Surely, an individual should be able to control the use of his personal data, for example by choosing how to manage the primary and secondary use of his data, and so on. However, « proprietary ownership » in the legal perspective would not directly solve this problem. On the contrary, since the evaluation of the price of data depends on their use, it could lead to under- or over-valuation.

Platforms offering to buy user data will impose membership contracts on a « take-it-or-leave-it » deal, with no room for negotiation.

How does the law stand?

The French Law for a Digital Republic of October 2016 ruled out the idea of proprietary data, while allowing individuals to retain control over it. Indeed, Article 1 of this text provides that "Any person has the right to decide and control the uses made of personal data concerning him/her, under the conditions laid down in this law".
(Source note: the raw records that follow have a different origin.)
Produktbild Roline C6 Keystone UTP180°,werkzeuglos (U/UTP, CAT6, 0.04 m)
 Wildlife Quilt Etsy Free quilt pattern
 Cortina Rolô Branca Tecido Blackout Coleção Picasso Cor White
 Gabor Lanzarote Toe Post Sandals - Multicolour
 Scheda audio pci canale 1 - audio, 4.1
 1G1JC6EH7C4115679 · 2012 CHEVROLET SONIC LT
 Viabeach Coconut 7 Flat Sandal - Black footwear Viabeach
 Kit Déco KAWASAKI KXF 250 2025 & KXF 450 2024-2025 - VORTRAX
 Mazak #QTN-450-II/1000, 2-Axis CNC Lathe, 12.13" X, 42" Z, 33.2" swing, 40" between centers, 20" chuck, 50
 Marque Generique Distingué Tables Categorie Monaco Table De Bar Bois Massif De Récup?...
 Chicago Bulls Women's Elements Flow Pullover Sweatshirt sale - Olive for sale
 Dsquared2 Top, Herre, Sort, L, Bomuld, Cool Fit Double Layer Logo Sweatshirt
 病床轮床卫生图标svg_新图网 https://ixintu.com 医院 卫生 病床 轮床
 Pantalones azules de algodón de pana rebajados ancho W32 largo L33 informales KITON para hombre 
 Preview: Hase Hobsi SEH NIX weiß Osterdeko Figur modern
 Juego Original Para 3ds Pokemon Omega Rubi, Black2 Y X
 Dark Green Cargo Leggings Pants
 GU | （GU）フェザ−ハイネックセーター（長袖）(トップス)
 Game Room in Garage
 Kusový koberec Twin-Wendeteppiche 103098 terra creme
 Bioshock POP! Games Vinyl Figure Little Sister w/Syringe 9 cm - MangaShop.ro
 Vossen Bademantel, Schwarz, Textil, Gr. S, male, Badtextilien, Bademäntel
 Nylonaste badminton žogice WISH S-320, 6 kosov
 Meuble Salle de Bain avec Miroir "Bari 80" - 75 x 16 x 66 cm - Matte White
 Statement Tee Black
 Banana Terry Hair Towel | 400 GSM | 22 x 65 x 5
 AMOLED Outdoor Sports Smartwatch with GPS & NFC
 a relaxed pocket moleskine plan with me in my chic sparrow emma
This so-called "informational self-determination" principle had been defined by the German Constitutional Court as early as 1983. By endorsing it, French domestic law has reaffirmed that an individual is the right-holder regarding his or her data. Informational self-determination must be understood as an end in itself, and can be understood as the possibility of transcribing and controlling one's identity in the digital space. This autonomy goes hand in hand with the right for everyone to be aware of what is known about them.


This is one of the reasons why the law for the Digital Republic has created an obligation of loyalty for the platforms. It imposes on the platforms a stronger obligation to provide information to the consumer. In other words, platforms’ transparency becomes a necessary condition to ensure compliance between the displayed promise of the service and actual practices.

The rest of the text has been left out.